- **What the task asks**
Beginning at the line that contains "NE3 5QT map", output each line exactly through the end of the records, and drop any pictures.

[Dataset items]
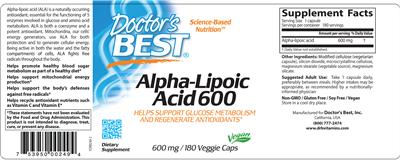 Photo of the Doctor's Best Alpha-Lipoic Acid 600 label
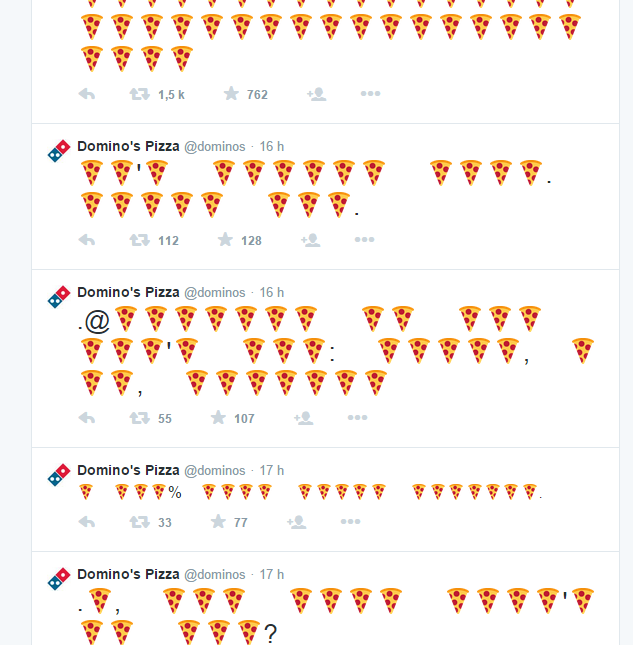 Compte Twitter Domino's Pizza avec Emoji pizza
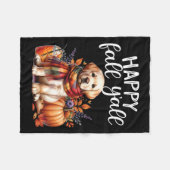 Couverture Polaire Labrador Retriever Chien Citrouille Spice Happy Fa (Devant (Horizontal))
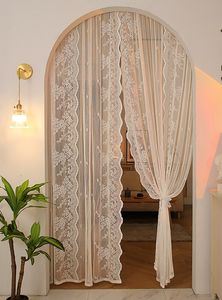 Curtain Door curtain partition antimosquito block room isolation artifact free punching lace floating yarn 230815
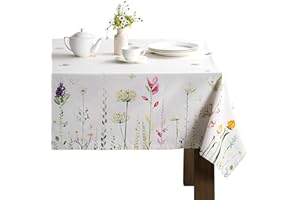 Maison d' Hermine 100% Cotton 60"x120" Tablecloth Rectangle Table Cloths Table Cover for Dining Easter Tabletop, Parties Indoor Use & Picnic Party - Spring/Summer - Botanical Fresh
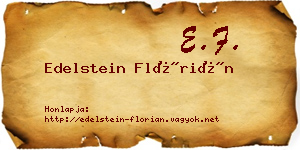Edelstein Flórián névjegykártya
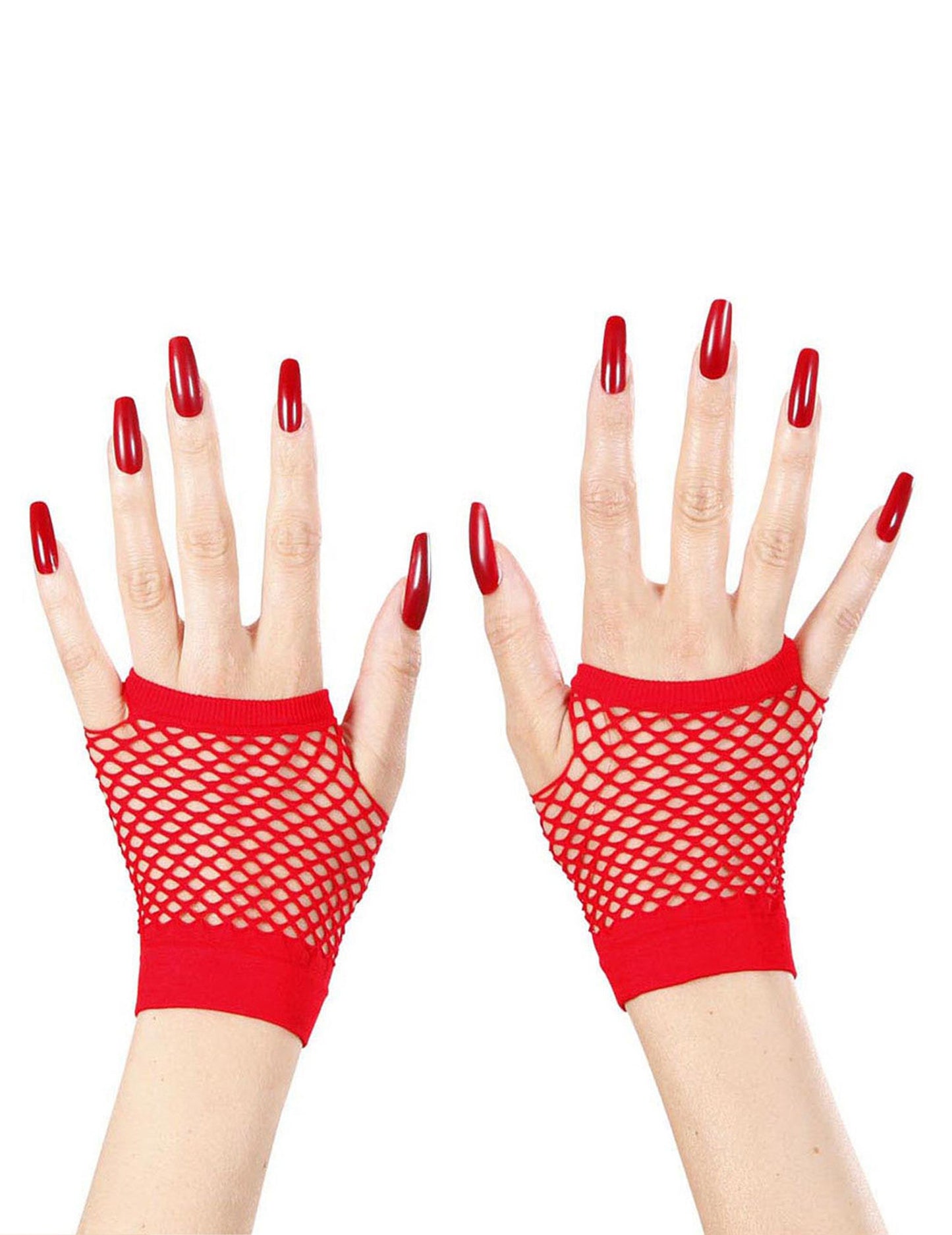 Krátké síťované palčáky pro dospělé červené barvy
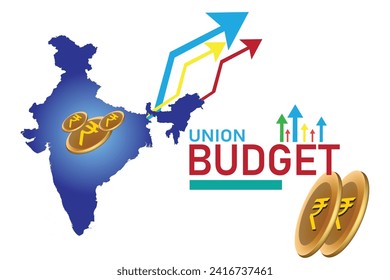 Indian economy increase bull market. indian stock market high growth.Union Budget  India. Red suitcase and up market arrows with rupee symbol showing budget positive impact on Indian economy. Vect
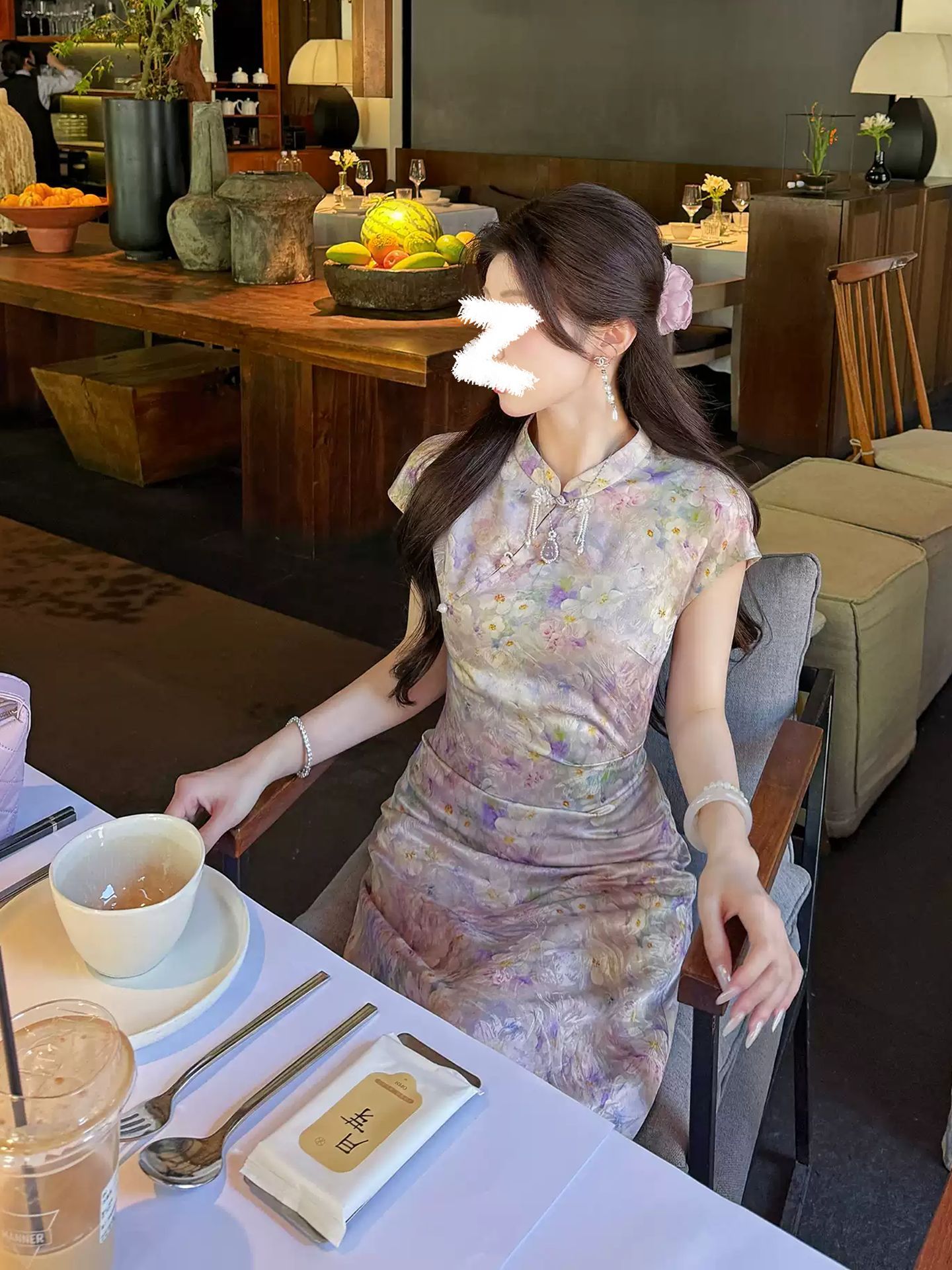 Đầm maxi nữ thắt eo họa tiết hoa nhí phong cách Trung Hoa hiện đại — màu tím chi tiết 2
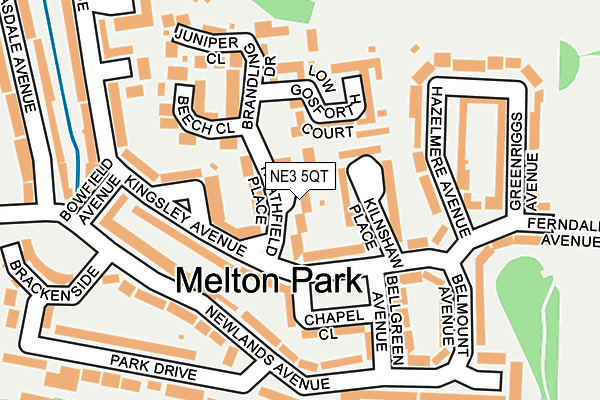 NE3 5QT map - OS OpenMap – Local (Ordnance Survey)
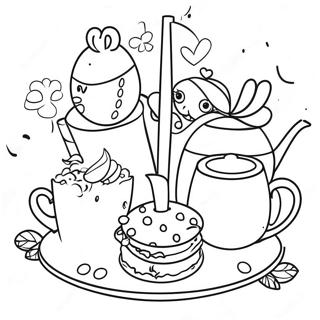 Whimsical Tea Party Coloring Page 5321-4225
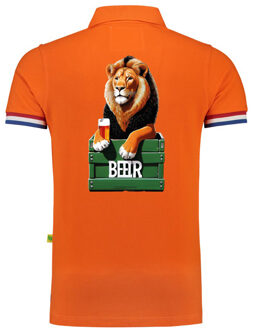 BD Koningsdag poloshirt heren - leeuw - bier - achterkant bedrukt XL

- **Solution to the exercise**
 NE3 5QT map - OS OpenMap – Local (Ordnance Survey)
 Whimsical Tea Party Coloring Page 5321-4225
 BD Koningsdag poloshirt heren - leeuw - bier - achterkant bedrukt XL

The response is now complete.